Convening as Coming Together
Conferences and institutes represent critical moments of coming together for NYLA members and library supporters.  I hope you have made plans to attend the NYLA Annual Conference on November 9-11 in Saratoga Springs.  With the conference theme of “Choose Your Own Adventure,” you can be assured of countless opportunities to network with and learn from your colleagues.  If you are a school librarian, you are hopefully planning to attend the NYLA/SSL Summer Leadership Institute on August 3-4 at Cornell, where the attendees will learn to be future-ready librarians.  Library systems and regional affiliates are offering numerous and diverse learning opportunities across the state throughout the summer and fall.

In addition to the normal coming-together events, NYLA has stepped up to the convener role for New York’s academic and special libraries by hosting an Academic Library Summit on June 9 in Albany.  Representatives from academic and special library organizations will assemble to identify the complex issues facing these libraries and envision strategies to address those issues as a library community.

Convening as Keeping Together
You might have had the same experience as I have after gaining terrific new ideas at an exciting library event – I get back to my normal world of pressures and responsibilities and just cannot start to implement new ideas on my own.  NYLA offers us ways to keep together, to maintain our momentum and spirit even as we are working separately in our own libraries and communities.  NYLA is replete with volunteer opportunities, from elected offices to service in committees, task forces, and roundtables.  Many of the current NYLA initiatives were started by one or two people with an interest and a passion.  Propose an idea and let NYLA help you figure out how to get it done.

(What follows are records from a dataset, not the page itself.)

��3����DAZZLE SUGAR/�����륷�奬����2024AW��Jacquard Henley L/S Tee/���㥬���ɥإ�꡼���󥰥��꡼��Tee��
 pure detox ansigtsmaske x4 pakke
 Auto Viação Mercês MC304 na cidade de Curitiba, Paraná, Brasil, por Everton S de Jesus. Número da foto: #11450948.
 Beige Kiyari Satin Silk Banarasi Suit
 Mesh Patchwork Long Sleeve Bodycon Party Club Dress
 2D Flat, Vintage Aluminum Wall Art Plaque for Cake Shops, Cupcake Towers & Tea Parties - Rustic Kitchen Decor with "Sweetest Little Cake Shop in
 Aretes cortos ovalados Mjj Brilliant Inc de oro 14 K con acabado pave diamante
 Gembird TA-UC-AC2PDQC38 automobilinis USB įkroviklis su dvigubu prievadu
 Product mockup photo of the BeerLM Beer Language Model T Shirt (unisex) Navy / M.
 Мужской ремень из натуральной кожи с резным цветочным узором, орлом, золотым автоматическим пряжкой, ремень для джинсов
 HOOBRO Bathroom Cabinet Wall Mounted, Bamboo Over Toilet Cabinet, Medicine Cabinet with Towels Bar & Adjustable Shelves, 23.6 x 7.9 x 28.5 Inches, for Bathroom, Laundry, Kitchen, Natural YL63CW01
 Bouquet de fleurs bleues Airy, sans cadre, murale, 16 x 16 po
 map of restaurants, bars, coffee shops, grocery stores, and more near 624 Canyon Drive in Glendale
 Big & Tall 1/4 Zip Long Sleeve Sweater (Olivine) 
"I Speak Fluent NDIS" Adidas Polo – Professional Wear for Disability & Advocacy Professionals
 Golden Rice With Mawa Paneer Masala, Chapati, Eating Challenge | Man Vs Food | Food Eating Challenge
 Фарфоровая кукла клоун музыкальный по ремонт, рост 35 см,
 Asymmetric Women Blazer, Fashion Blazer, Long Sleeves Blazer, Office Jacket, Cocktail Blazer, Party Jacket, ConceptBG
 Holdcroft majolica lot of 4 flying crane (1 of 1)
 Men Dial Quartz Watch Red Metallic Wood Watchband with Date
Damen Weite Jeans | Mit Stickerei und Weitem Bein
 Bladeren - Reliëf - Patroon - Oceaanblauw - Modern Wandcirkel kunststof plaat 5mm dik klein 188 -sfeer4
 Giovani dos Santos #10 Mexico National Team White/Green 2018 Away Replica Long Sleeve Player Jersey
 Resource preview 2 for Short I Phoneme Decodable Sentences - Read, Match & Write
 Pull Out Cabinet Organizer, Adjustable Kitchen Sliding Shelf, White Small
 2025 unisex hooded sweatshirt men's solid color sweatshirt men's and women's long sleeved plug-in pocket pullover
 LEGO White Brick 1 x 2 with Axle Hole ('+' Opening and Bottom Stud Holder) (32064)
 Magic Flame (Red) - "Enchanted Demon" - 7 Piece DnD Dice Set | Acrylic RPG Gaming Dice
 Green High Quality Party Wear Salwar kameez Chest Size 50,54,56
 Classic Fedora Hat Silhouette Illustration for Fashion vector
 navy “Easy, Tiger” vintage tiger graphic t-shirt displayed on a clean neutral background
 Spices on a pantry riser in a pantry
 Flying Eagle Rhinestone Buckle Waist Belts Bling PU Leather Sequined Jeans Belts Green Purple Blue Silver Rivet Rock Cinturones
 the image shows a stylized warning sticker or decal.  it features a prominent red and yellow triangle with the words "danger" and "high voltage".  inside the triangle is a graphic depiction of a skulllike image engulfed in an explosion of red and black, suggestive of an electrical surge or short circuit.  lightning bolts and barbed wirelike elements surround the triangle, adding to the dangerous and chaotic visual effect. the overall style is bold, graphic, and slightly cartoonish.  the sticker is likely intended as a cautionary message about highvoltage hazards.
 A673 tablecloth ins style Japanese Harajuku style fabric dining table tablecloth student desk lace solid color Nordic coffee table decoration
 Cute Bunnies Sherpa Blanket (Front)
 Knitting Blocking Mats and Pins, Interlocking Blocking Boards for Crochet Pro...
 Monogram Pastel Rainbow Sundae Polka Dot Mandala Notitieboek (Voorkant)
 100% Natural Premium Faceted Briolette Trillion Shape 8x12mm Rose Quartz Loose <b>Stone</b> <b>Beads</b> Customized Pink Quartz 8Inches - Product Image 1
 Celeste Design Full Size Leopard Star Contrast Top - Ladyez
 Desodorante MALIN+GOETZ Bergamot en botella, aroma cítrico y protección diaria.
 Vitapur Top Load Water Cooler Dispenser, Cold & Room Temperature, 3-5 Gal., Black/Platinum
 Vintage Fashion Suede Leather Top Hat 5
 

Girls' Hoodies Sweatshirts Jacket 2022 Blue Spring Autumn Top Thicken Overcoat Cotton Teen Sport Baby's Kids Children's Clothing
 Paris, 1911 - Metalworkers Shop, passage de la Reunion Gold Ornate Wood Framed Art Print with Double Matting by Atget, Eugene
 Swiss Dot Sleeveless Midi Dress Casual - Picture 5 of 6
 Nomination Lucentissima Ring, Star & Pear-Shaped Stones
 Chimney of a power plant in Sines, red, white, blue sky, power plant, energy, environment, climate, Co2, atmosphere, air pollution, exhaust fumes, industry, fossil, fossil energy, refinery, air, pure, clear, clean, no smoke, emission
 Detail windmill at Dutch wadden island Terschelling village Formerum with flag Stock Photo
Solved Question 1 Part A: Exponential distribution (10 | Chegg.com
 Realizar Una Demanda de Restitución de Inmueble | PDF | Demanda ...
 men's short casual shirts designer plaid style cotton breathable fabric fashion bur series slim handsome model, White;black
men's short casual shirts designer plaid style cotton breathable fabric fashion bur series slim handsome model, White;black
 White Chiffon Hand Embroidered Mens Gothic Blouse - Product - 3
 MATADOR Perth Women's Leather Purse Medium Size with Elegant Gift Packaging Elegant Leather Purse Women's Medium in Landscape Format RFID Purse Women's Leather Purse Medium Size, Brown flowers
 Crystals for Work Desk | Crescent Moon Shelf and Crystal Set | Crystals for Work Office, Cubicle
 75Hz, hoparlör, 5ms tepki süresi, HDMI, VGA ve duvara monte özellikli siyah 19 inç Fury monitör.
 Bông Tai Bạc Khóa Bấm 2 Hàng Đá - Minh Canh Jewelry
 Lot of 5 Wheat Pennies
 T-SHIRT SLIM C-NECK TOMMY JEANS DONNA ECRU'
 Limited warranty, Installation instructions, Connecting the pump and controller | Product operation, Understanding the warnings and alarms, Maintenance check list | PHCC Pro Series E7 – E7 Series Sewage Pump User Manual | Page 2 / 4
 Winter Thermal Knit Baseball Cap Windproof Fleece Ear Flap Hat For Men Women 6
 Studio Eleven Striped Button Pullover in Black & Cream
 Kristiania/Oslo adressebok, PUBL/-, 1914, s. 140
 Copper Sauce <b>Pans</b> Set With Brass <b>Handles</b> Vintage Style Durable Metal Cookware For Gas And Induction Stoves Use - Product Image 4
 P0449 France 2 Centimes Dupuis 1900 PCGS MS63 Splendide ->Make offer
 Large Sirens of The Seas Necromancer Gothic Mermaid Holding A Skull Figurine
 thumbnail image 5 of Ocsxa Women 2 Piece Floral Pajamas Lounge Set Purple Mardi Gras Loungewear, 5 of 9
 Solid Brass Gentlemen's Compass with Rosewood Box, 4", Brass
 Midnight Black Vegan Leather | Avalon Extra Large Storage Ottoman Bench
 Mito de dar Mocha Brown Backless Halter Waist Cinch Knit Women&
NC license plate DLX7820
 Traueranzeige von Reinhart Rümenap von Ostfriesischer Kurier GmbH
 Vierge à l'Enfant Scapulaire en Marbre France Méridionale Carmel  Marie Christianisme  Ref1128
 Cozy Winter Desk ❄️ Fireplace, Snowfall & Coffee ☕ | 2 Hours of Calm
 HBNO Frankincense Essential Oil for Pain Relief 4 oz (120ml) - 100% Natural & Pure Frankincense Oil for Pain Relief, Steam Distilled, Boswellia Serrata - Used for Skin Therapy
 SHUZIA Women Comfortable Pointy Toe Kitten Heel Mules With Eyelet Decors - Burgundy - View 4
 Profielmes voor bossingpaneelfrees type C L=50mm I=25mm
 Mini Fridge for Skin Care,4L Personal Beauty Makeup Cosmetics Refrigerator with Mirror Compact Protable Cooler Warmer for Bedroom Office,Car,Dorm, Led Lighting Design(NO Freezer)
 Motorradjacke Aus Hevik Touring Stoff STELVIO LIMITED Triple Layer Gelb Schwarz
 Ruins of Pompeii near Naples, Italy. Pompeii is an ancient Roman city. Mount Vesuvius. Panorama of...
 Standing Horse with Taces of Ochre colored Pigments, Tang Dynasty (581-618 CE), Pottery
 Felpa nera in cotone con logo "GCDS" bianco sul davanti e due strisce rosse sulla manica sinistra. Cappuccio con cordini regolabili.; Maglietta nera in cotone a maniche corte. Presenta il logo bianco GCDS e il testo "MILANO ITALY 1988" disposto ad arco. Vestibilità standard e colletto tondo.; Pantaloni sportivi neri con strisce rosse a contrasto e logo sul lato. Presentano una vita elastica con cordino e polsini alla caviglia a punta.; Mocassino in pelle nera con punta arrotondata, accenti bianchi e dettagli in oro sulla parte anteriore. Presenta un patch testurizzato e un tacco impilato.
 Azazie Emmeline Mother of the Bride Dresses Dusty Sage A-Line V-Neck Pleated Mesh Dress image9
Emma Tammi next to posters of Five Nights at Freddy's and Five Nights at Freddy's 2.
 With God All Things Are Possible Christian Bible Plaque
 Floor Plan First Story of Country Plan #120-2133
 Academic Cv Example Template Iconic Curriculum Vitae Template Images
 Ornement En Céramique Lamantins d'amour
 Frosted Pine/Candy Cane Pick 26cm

The idea of keeping together is actually what propelled me to start the Everyday Advocacy initiative and ask Ron Kirsop to lead it.  I see advocacy as a continuing effort of conversation, affirmation, and connection, not a once- or twice-a-year event.  By enabling every library supporter, whether a library employee or an interested member of the community, to recognize and speak up about the impact and value of libraries of all types, this initiative has the potential to build sustained relationships with our communities.  Everyday Advocacy will keep us together.

Convening as Working Together
By helping us to come together and to build a fabric of sustained connections, NYLA has prepared us for the long run – working together to create change.  The outcome from the Academic Library Summit will be proposed actions that we can take together to change the landscape and address the complex issues faced by academic and special libraries (and, to some degree, by libraries of all types).  

The actions embedded in the NYLA Strategic Plan are being carried by units across the association.  You can, in fact, read about the good work of your NYLA colleagues in this eBulletin.

This summer, I hope to be an ambassador of NYLA’s convening role by visiting libraries and library systems across the state and meeting with local librarians and library supporters.  Please invite me to come when it is convenient; I would love to build a schedule that enables us to work together to strengthen libraries across the state of New York.